A grateful Davis told Hedda Hopper that her phone kept ringing with new offers and ruminated, “You remain the same person as always, but, as we might abhor it, money talks.”20 To television talk-show host Jack Paar on the Tonight Show Davis expressed relief that after the prior ten years of box office duds, “at least I’ll be on the books as a potential moneymaker, and believe me, that’s a new career for me.” For posterity, Davis’s characterization of Baby Jane Hudson ranks among the American Film Institute’s fifty best movie villains in history. And the film continues to fascinate more than half a century after it opened, with Ryan Murphy’s popular, somewhat fictionalized 2017 television series Feud, about the rivalry between Davis and Crawford (starring Susan Sarandon and Jessica Lange), reviving interest in the 1962 movie.
Unfortunately, Crawford, who had previously demonstrated a peculiar talent for career self-sabotage, inopportunely quit the next Aldrich-Davis collaboration, the 1964 hit Hush . . . Hush, Sweet Charlotte. Virtually all her subsequent films were unworthy B pictures (Strait-Jacket, I Saw What You Did, Berserk) as she failed to take advantage of her recharged career momentum. Crawford ended her long film career in the sci-fi horror cheapie Trog (1970) and died a virtual recluse in 1977.

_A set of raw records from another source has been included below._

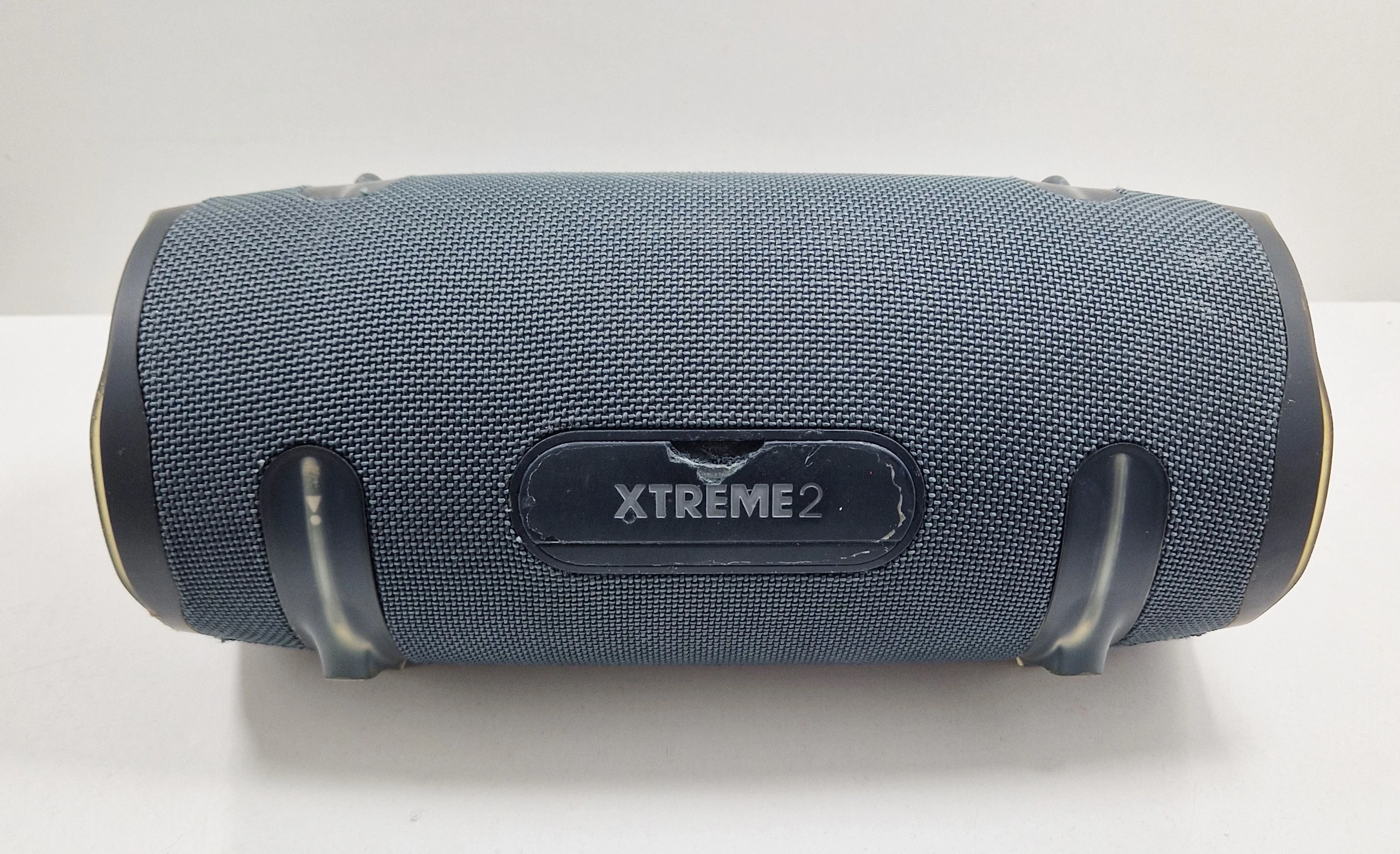 glosnik-jbl-xtreme-2-szary-kod-producenta-hifi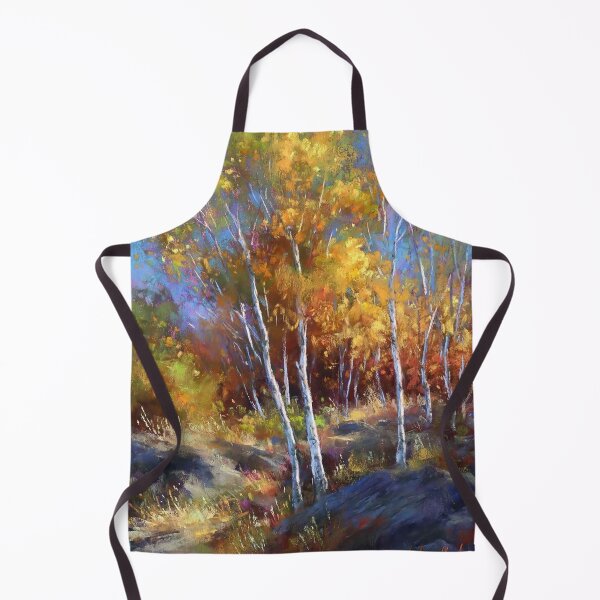 Item preview, Sweet Minimal Pastels designed and sold by Mitchmount.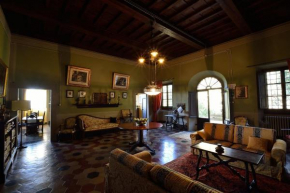 Villa dei Sogni Rignano Sull'arno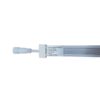 LED LOTUS MEAT VERTICAL 1510MM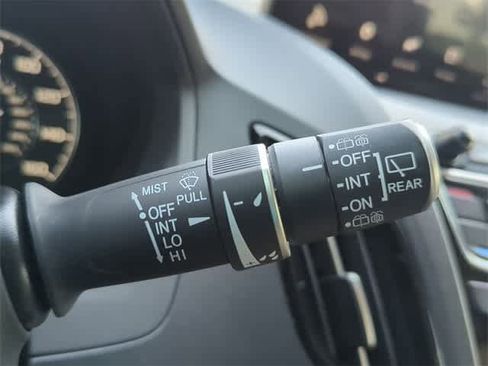 Used 2022 Acura RDX FWD w/ Technology Package image 28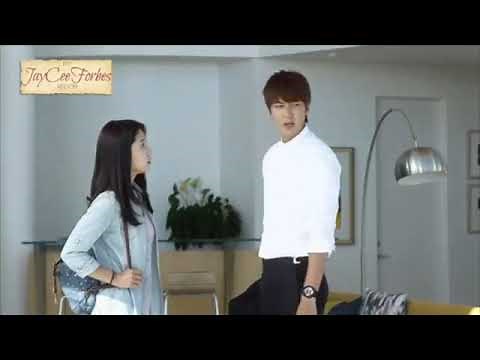 The Heirs (tagalog dub)(41)
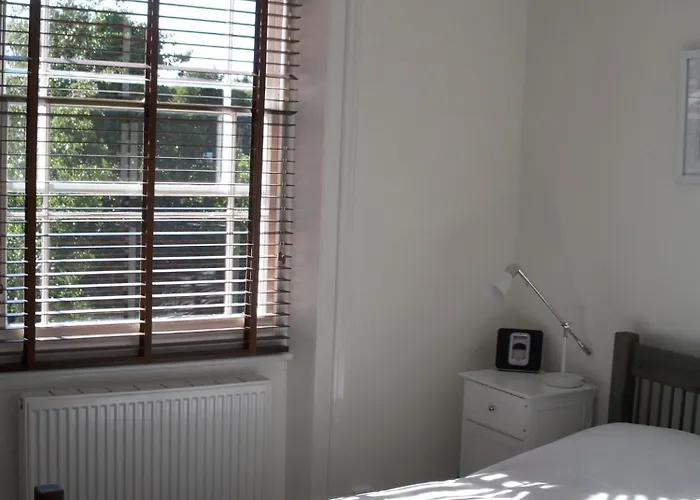 Broadstairs Hotels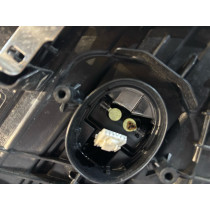 BMW 5 G30 G31 Lampa Adaptive Led Prawa - 17570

For the indefatigable Bette Davis, however, Baby Jane provided her with renewed popularity and esteem that she capitalized on to remain in the limelight for almost three decades, garnering accolades and remaining a vivid presence on screen, stage, and television up until her death in 1989. While on a publicity tour for the film’s opening in 1962, appearing at New York City movie theaters before appreciative and enthusiastic crowds, an energized Davis was interviewed by film journalist and critic Vincent Canby. Davis took the opportunity to acknowledge the dearth of women’s roles in the 1960s, in contrast to the situation during her heyday, when the star system flourished. Canby reported that in the end, however, Davis was a reminder that “the star system may be dead, but stars aren’t.”